Say See 音外话

Jiabao Li, Steven Wilkinson, 2024

"SaySee" is a speech-to-video generative AI system that transforms spoken words in any language into visually emotive videos. By analyzing the emotional tone of speech, it converts this into a corresponding visual narrative. For instance, a political debate's intensity could be visualized in a dynamic comic book style with exclamation bubbles. News coverage of serious topics like war would evoke a somber black-and-white palette, capturing the gravity of the situation. Conversely, happy conversations would lead to bright and colorful videos. The video captures both the content and the underlying emotion beyond the words.

Upon entering the installation, participants simply press a button and start talking into the microphone.

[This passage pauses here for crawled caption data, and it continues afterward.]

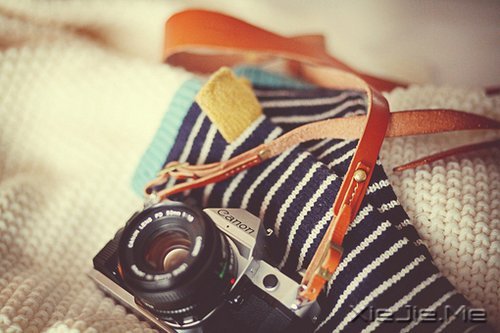 ������������������峺���� (5)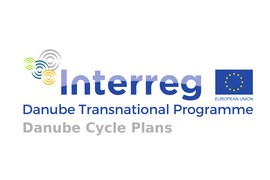 PROJECTLOGO-DANUBE CYCLE PLANS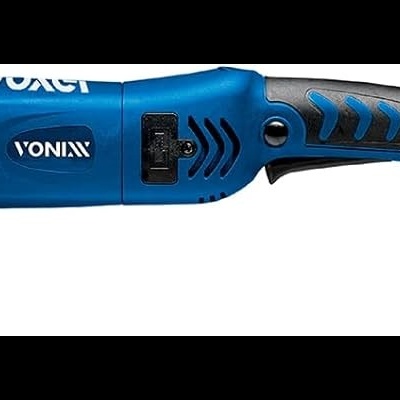 M&#x00E1;quina&#x20;Orbital&#x20;15&quot;&#x20;Vonixx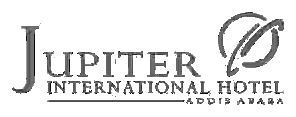Jupiter International Hotel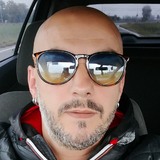 Edy from Reggio nell'Emilia | Man | 51 years old | Libra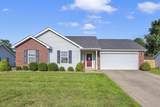 1664 Lewie Drive - Photo 1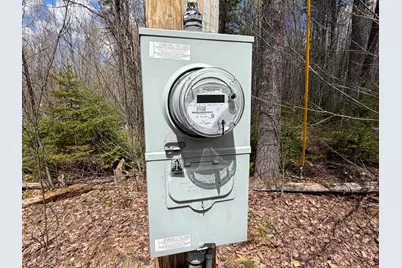 1163 Seboeis Road, Seboeis Plantation, ME 04448 - Photo 24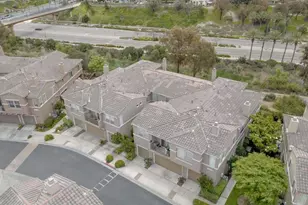 1431 Caminito Capistrano, Chula Vista, CA 91913 - Photo 32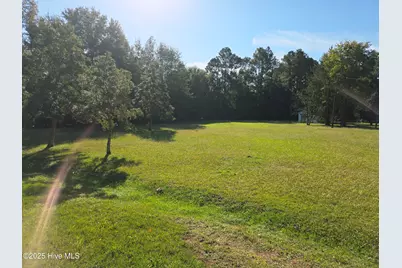 205 Bruce Street, Fair Bluff, NC 28439 - Photo 2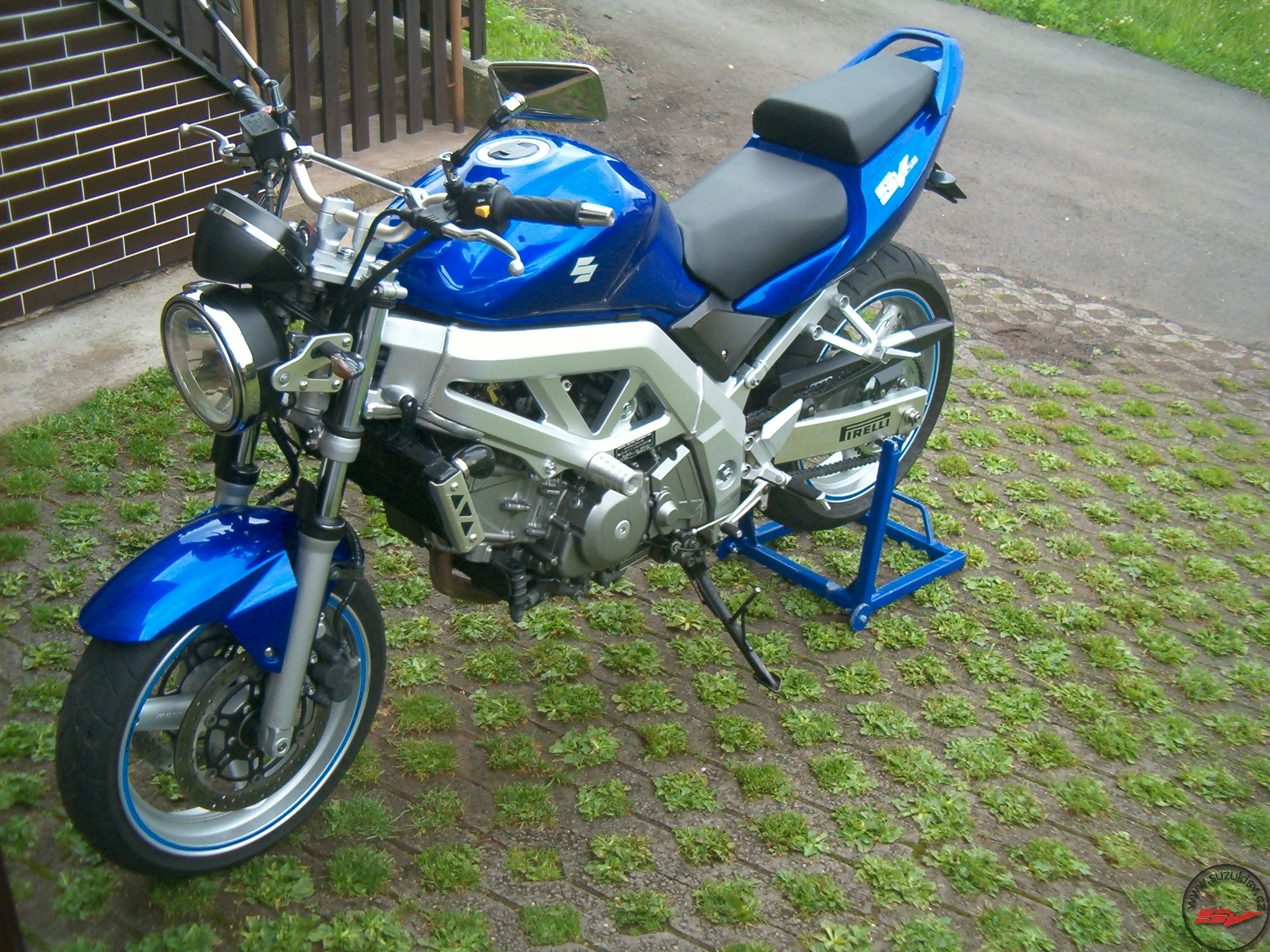 HPIM4548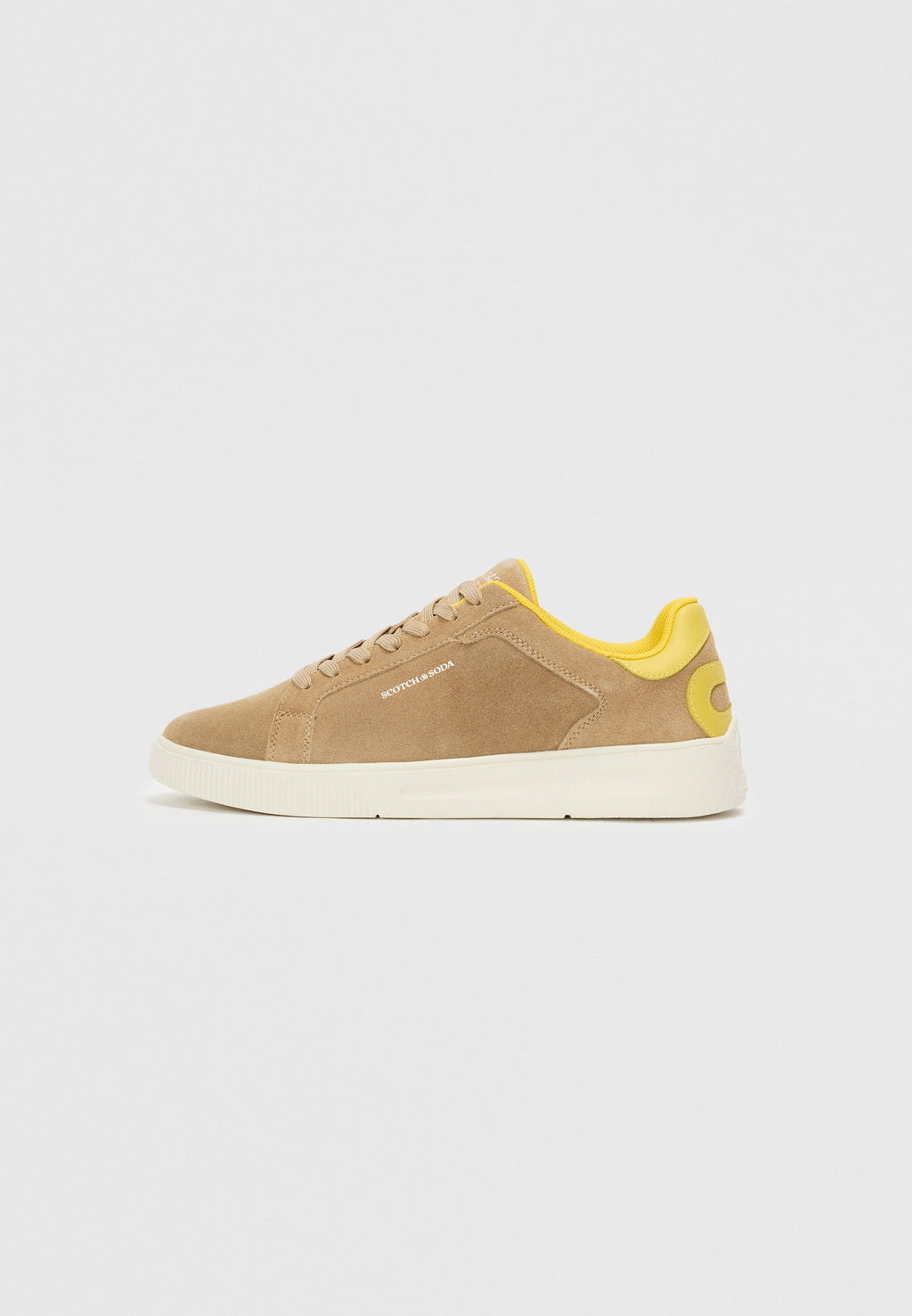 Scotch & Soda COLEMAN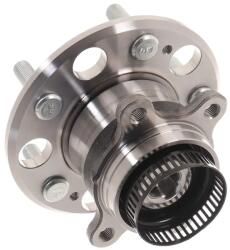 SKF Set rulment roata SKF VKBA 6905 (VKBA6905)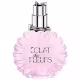 Éclat De Fleurs Lanvin Eau de Parfum – Perfume Feminino 100ml (1)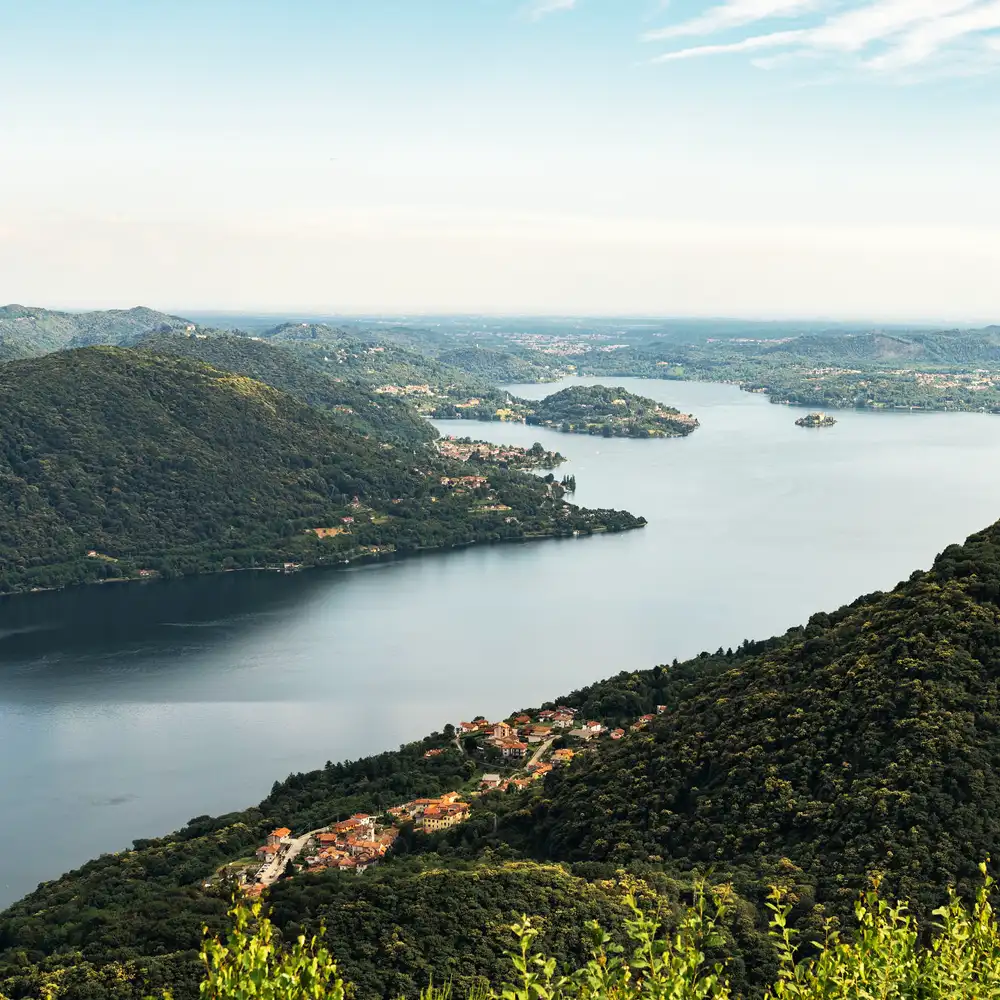 Unplug & Reconnect: A Digital DETOX Retreat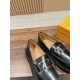 Tods Loafers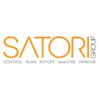 Satori Group logo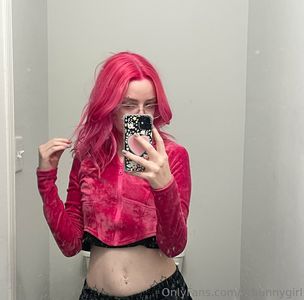 yrbunnygirl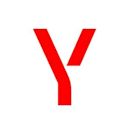 Yandex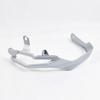 Ducati Multistrada 950/1200/1260 Handlebar Wind Deflectors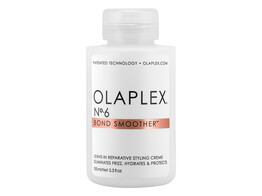 Olaplex nr 6 Bond Smoother Leave-in Treatment 100ml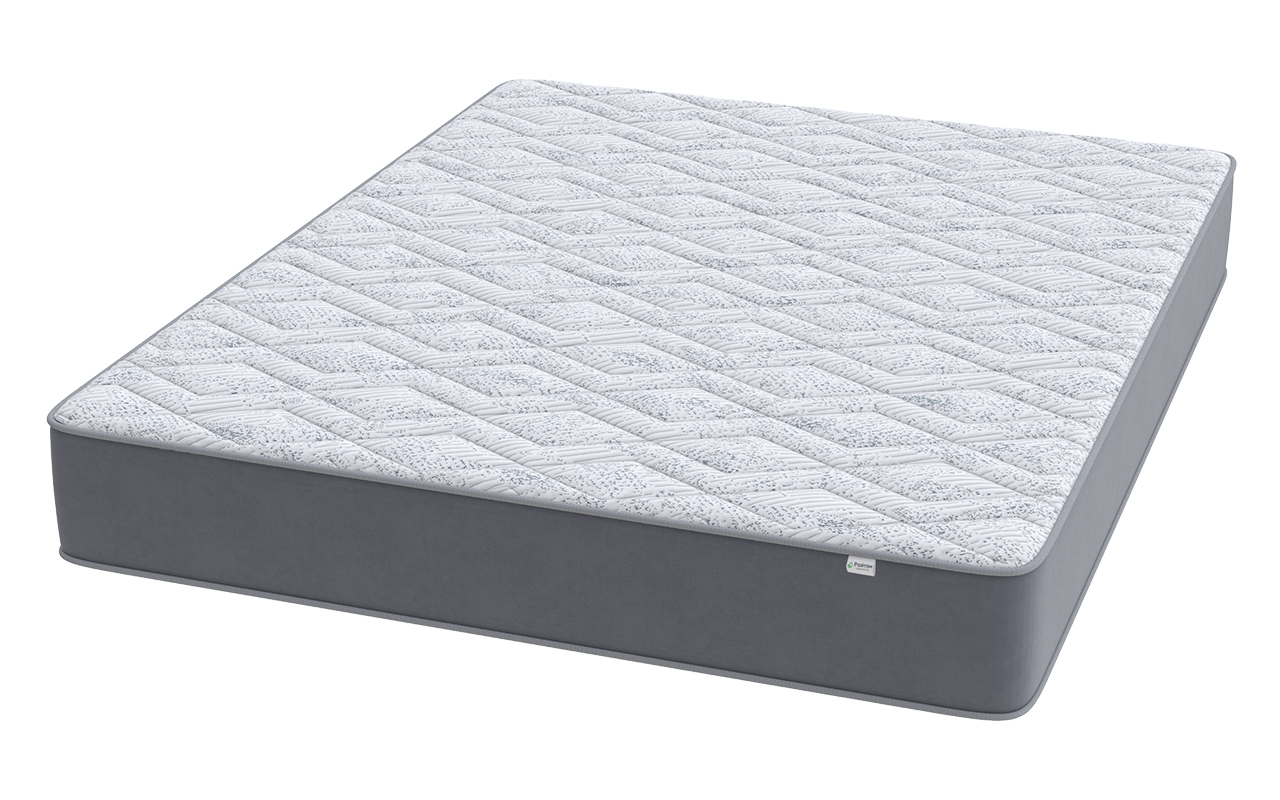 Райтон Recycle Recycle F фото 4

They can engage in a variety of spoken expressions, including conversations, monologues, debates, story games, speeches, confessions, and even singing. The AI then swiftly creates a short video representation of their speech, displayed across seven TV sets. Each TV then passes the previously generated video to the next TV. Together the seven TV sets orchestrate a film from the various voices of the participants.

We also trained SaySee on custom datasets such as glaciers, bats, and dead birds caused by industrial pollution. For each unique SaySee, the generated video will be based on that dataset. For example, if you talk to SaySee#deadbirds, no matter how happy your story is, the generated video will be related to dead birds.

《音外话》是一个语音至视频生成人工智能系统，它将口语转化为充满情感的视觉影像。此系统分析语言中的情感色彩，并将之转换成相应的视觉叙事。例如，激烈的政治辩论会是暴漫风，报道世界苦难严肃的新闻则是忧郁的黑白色调。相反，愉快的对话会转变为明亮且多彩的视频。视频不仅捕捉言语的内容，还捕捉了文字背后的潜在情感。

参与者进入装置后，请按下按钮并开始在麦克风上讲话。你可以进行对话、独白、辩论、故事接龙、演讲、自白等。3分钟后，人工智能会根据你说的话和情感绘制出视频。你也可以看到由此之前的其他参与者的话绘制出的视频。